Sabtu, 28 Februari 2026

USU dan Polres Padangsidimpuan Kolaborasi Wujudkan Restorative Justice Berbasis Budaya

Administrator - Sabtu, 09 Agustus 2025 23:06 WIB
USU dan Polres Padangsidimpuan Kolaborasi Wujudkan Restorative Justice Berbasis Budaya
P. Sidimpuan |sumut24.co -

Baca Juga:

Upaya mencegah anak terjerat masalah hukum kini mendapat perhatian serius dari berbagai pihak, termasuk kalangan akademisi dan kepolisian.

Hal ini terlihat dalam kunjungan penelitian yang dilakukan Dosen Universitas Sumatera Utara (USU), Dr. Marlina, S.H., M.Hum, ke Polres Padangsidimpuan pada Senin (4/8/2025).

Penelitian ini mengusung judul "Restorative Justice dalam Sistem Kekerabatan Dalihan Natolu di Kota Padangsidimpuan dalam Rangka Pencegahan Anak Berhadapan dengan Hukum".

Dalihan Natolu, sebagai falsafah hidup masyarakat Tapanuli Selatan, dinilai memiliki peran penting dalam penyelesaian masalah hukum secara kekeluargaan dan berkeadilan.

Kegiatan dimulai pukul 16.00 WIB di Mapolres Padangsidimpuan. Kapolres AKBP Dr. Wira Prayatna, S.H., S.I.K., M.H. bersama jajaran, termasuk Kasat Reskrim AKP Hasiholan Naibaho, S.H., M.H., Kasat Intelkam AKP Marzuki, S.H., dan Kanit PPA Aiptu Dahron Hrp, menyambut langsung kedatangan Dr. Marlina.

Dalam sesi wawancara, Kapolres menyampaikan dukungan penuh terhadap penelitian ini.

"Kami sangat mengapresiasi penelitian yang memadukan kearifan lokal Dalihan Natolu dengan konsep restorative justice. Ini bukan hanya soal penyelesaian kasus, tapi juga menciptakan keadilan, kemanfaatan, dan kepastian hukum. Jika kearifan lokal ini dimaksimalkan, kami yakin angka anak yang berhadapan dengan hukum bisa ditekan secara signifikan," ujar AKBP Dr. Wira Prayatna.

Kanit PPA Aiptu Dahron Hrp menambahkan bahwa pihaknya rutin melakukan penyuluhan dan pendampingan terhadap anak-anak yang terlibat atau berpotensi terlibat masalah hukum. Langkah ini menjadi bagian dari strategi pencegahan yang proaktif.

Para penyidik PPA juga memaparkan sejumlah kasus anak yang pernah ditangani. Mereka menekankan bahwa penerapan prinsip Dalihan Natolu—yang mengedepankan musyawarah dan saling menghargai antar kerabat—terbukti membantu meredakan konflik dan mencegah proses hukum formal yang berlarut-larut.
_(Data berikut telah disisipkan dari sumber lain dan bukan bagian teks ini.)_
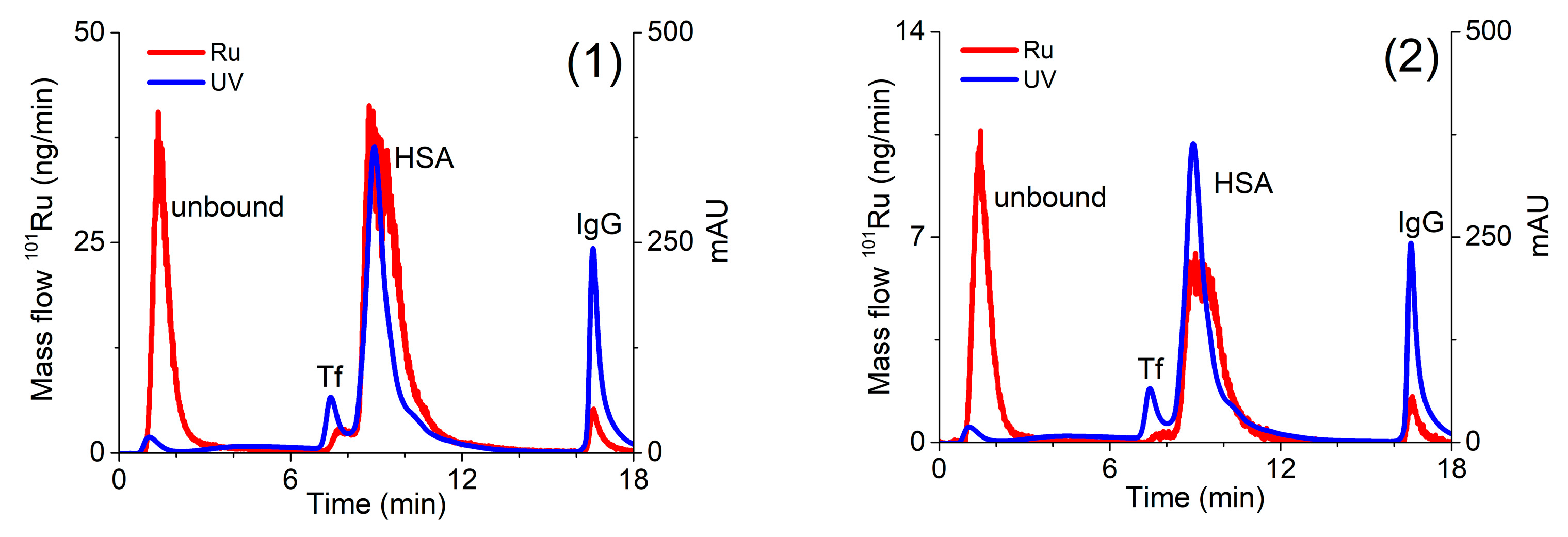 Molecules 25 01512 g004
Setelah diskusi di Polres, Dr. Marlina melanjutkan kunjungan ke Bagas Godang Raja Luat Losung Batu sekitar pukul 17.00 WIB. Ia disambut oleh Raja Luat Losung Batu Ahmad Rijal Harahap (Gelar: Sutan Raja Parhimpunan Harahap).
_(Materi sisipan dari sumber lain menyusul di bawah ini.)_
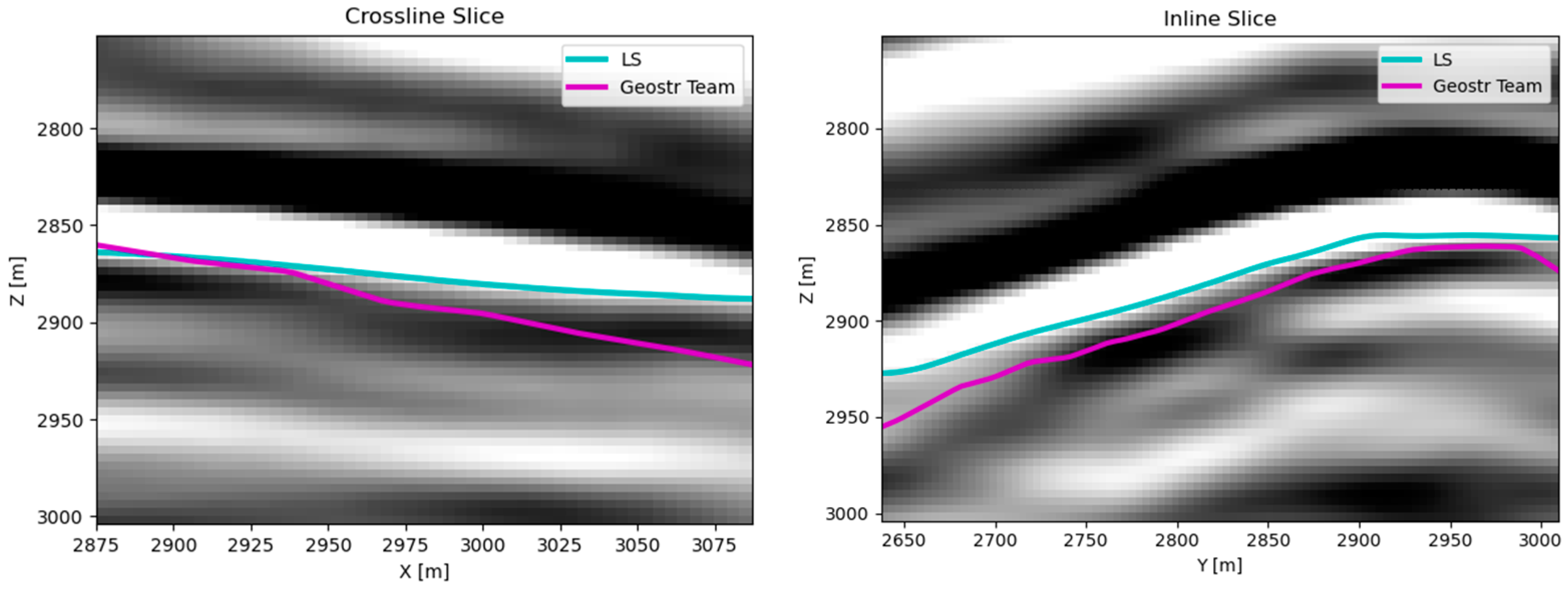 Geosciences 14 00071 g015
Dalam pertemuan itu, Ahmad Rijal menyatakan dukungan penuh terhadap penelitian ini. Menurutnya, Dalihan Natolu bukan hanya tradisi, tapi juga benteng moral masyarakat yang dapat dimanfaatkan untuk melindungi generasi muda dari jeratan hukum.

Penelitian ini juga membuka peluang kerja sama lebih erat antara Polres Padangsidimpuan dan akademisi USU dalam memperkuat pemahaman masyarakat tentang pentingnya Dalihan Natolu dalam pencegahan anak berhadapan dengan hukum.

Tak lupa, Kapolres AKBP Dr. Wira Prayatna menegaskan bahwa kolaborasi lintas sektor menjadi kunci keberhasilan.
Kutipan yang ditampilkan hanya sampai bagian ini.